Blast Beat
by George Wolf
The most effective way a film can lead us to look at a complex issue from a new angle – or look at it at all – is to narrow the focus. Introduce the issue through characters worth caring about, and suddenly individuals make the stakes more tangible than memes and hot takes.
In his feature debut, Blast Beat director/co-writer Esteban Arango shows fine instincts for just this type of socially aware storytelling.
It is the summer of ’99, and brothers Carly and Mateo (real life siblings Mateo and Moises Arias, respectively) are spending their last few days with high school friends in their native Columbia. They’re moving to the U.S. with their mother (Diane Guerreo), where they will finally join their father Ernesto (Wilmer Valderrama) and build a new life in Atlanta.
A metalhead who’s also a science prodigy, the older Carly sees the move as getting him one step closer to the Georgia Aerospace Institute, and then to his dream job at NASA.
Ne’er do well Teo, though, feels differently. He’s a talented artist, but only seems happy when he’s acting out to show his unhappiness.
Both Arias brothers are terrific, and it is the strength of their performances that keep the film from collapsing when Arango pulls convenient and predictable pages from the Young Adult playbook. Each brother begins making friends, with Teo remaining the fuckup while Carly poses as a student at the Aerospace Institute so he can audit a class taught by a former astronaut (Daniel Dae Kim).

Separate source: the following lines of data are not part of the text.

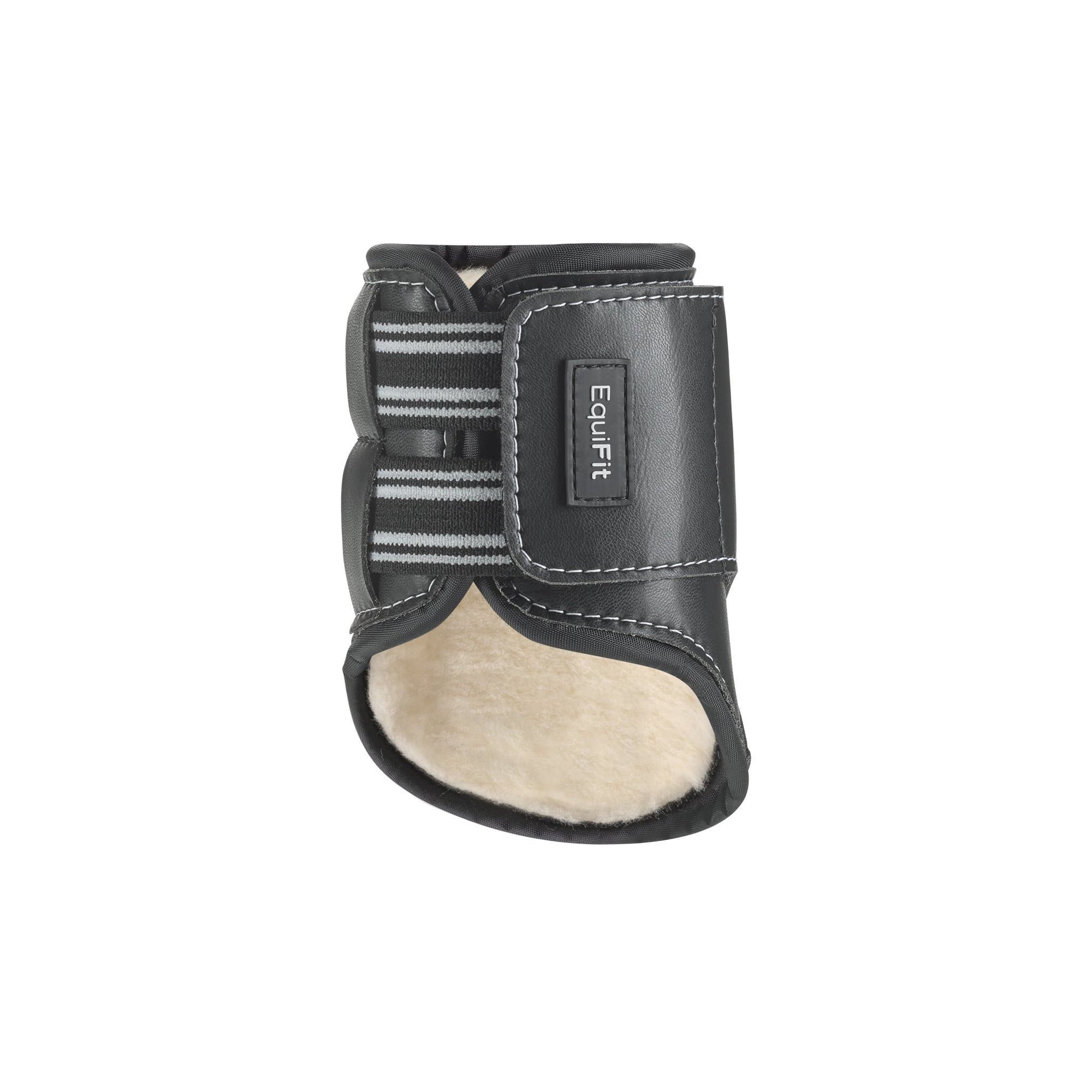 MultiTeq Hind Boot with SheepsWool ImpacTeq Liner offers Full Coverage Protection, perfect for daily turnout and exercise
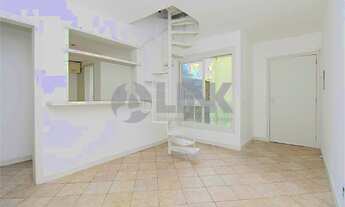 Imagem: Cobertura 2 dormitórios com 1 vaga de garagem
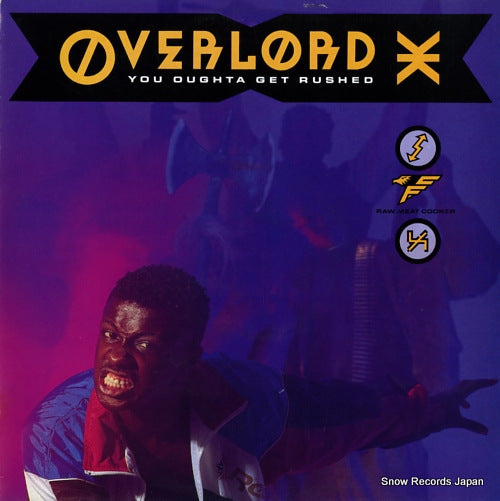 OVERLORD X you oughta get rushed 878231-1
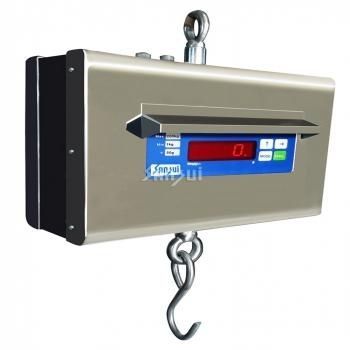 Balance de comptoir - CS 01 series - Sansui Electronics Private Limited - avec afficheur à LED / Bluetooth / suspendue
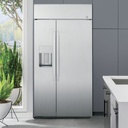 GE-PSB42YSNSS-42" Built-In Configuration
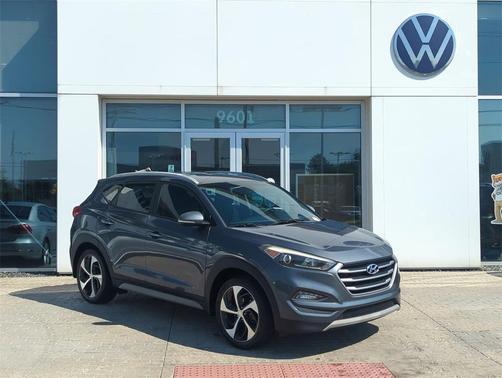 2018 Hyundai TUCSON Sport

But when Ernesto is suddenly faced with deportation, and when broken promises and unscrupulous lawyers threaten all the family has planned, the film’s investment in character pays dividends. We’re pulling for this family, and these boys in particular.
The immigration question in America is a messy one. But beneath the heated rhetoric and political posturing are real families with complicated stories. Even in the moments when it chooses well-worn paths, Blast Beat brings that message home.